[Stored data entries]
+ + + + +

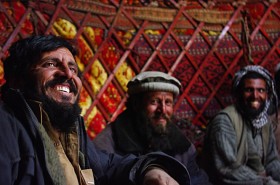 Wędrowni handlarze pochodzą najczęściej z Badachszanu lub okolic Kabulu. Tu pasztuńscy kupcy z oazy Parwan pod Kabulem.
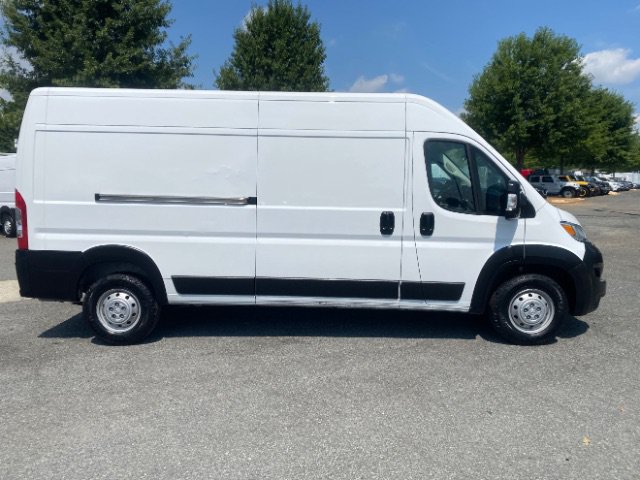 Used 2023 RAM ProMaster 2500 w/ Driver Convenience Group FWD image 7
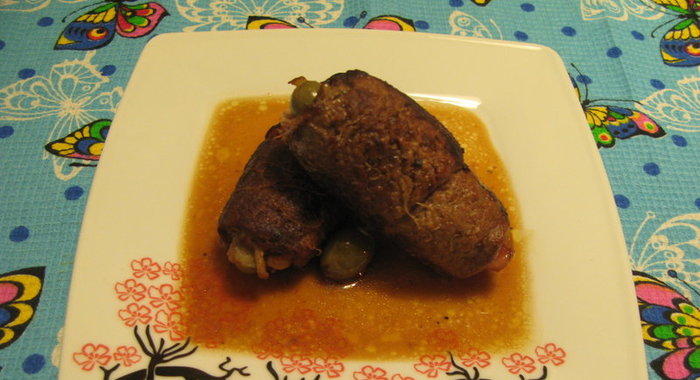 Мясные рулетики из говядины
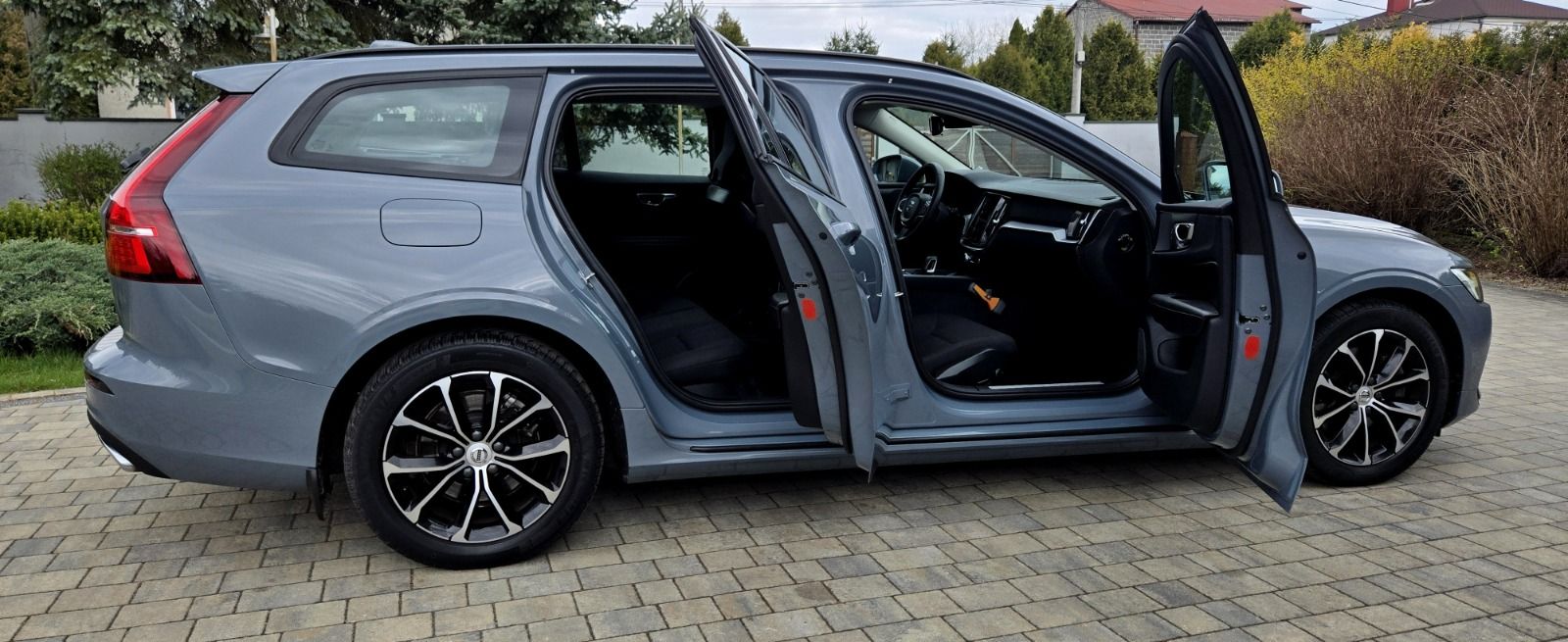 Volvo V60 B3 B Geartronic Momentum Pro 2022 - felgi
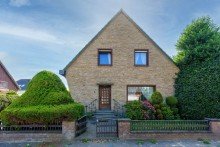Au�enansicht-Hauseingang Freistehendes Einfamilienhaus mit gro�em Garten und Baugrundst�ck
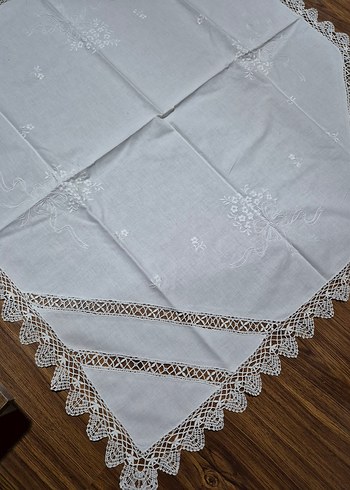 Nakışlı Beyaz Gri Masa Örtüsü - Görsel 2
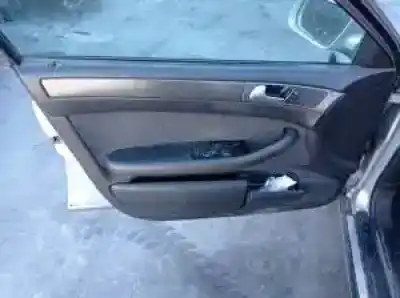 Sloopvoertuig audi a6 berlina (4b2) awx van het jaar 2001 aangedreven 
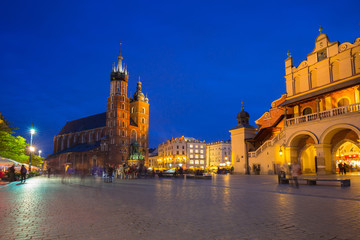 Fototapeta na wymiar St. Mary Basilica and the Krakow Cloth Hall at night, Poland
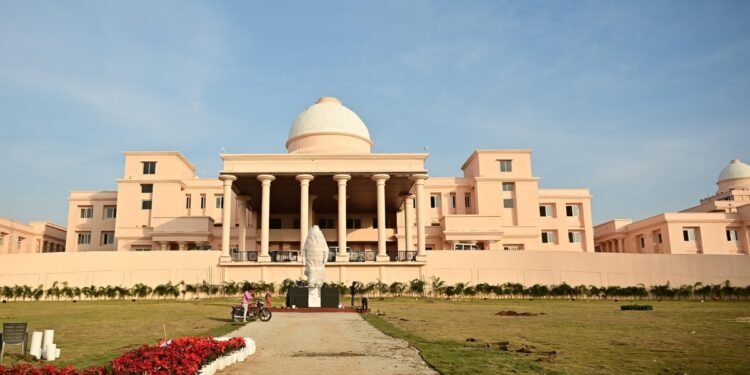 छत्तीसगढ़ विधानसभा का नया हरित भवन: आधुनिक तकनीक और पर्यावरण के संगम का प्रतीक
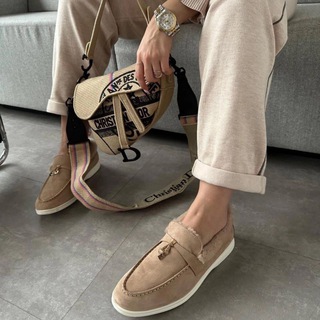 Telegram profile photo for VILA ✨Женская обувь очки сумка 👟VILA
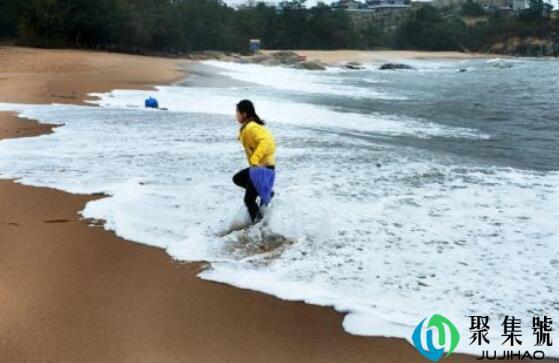 逃蹿和逃窜哪个对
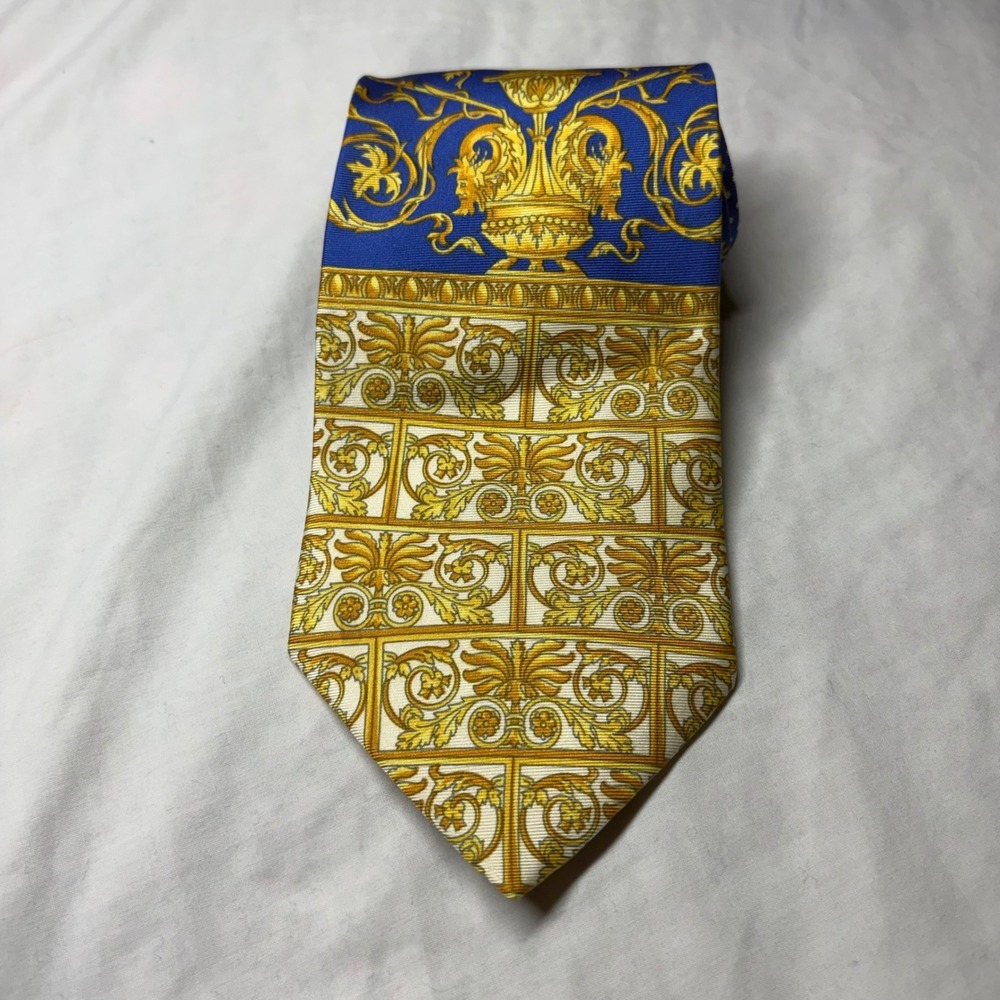 V2 by Versace Mens Silk Tie Blue Gold Baroque Filigree Urn Pattern Made in Italy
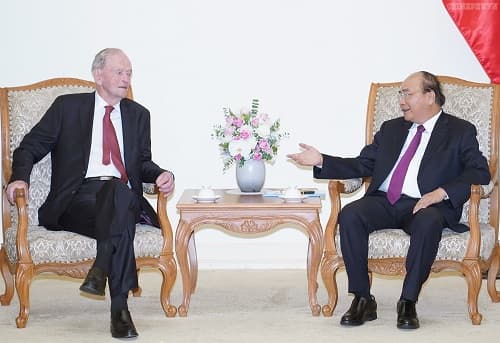 PM lauds former Canadian PM's contribution to VN-Canada relations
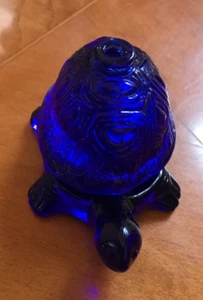 Vintage Cobalt Blue Glass TURTLE TRINKET BOX Dish With Shell Lid - Picture 1 of 10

+ + + + +

▶ **WHAT THE EXERCISE ASKS**: Output every record above word for word, omitting any pictures they contain.

▶ **ANSWER TO THIS PROBLEM**:
 Wędrowni handlarze pochodzą najczęściej z Badachszanu lub okolic Kabulu. Tu pasztuńscy kupcy z oazy Parwan pod Kabulem.
 Used 2023 RAM ProMaster 2500 w/ Driver Convenience Group FWD image 7
 Мясные рулетики из говядины
 Volvo V60 B3 B Geartronic Momentum Pro 2022 - felgi
Au�enansicht-Hauseingang Freistehendes Einfamilienhaus mit gro�em Garten und Baugrundst�ck
 Nakışlı Beyaz Gri Masa Örtüsü - Görsel 2
 Sloopvoertuig audi a6 berlina (4b2) awx van het jaar 2001 aangedreven 
 Fototapeta na wymiar St. Mary Basilica and the Krakow Cloth Hall at night, Poland
 छत्तीसगढ़ विधानसभा का नया हरित भवन: आधुनिक तकनीक और पर्यावरण के संगम का प्रतीक
 Telegram profile photo for VILA ✨Женская обувь очки сумка 👟VILA
 逃蹿和逃窜哪个对
 V2 by Versace Mens Silk Tie Blue Gold Baroque Filigree Urn Pattern Made in Italy
 PM lauds former Canadian PM's contribution to VN-Canada relations
 Vintage Cobalt Blue Glass TURTLE TRINKET BOX Dish With Shell Lid - Picture 1 of 10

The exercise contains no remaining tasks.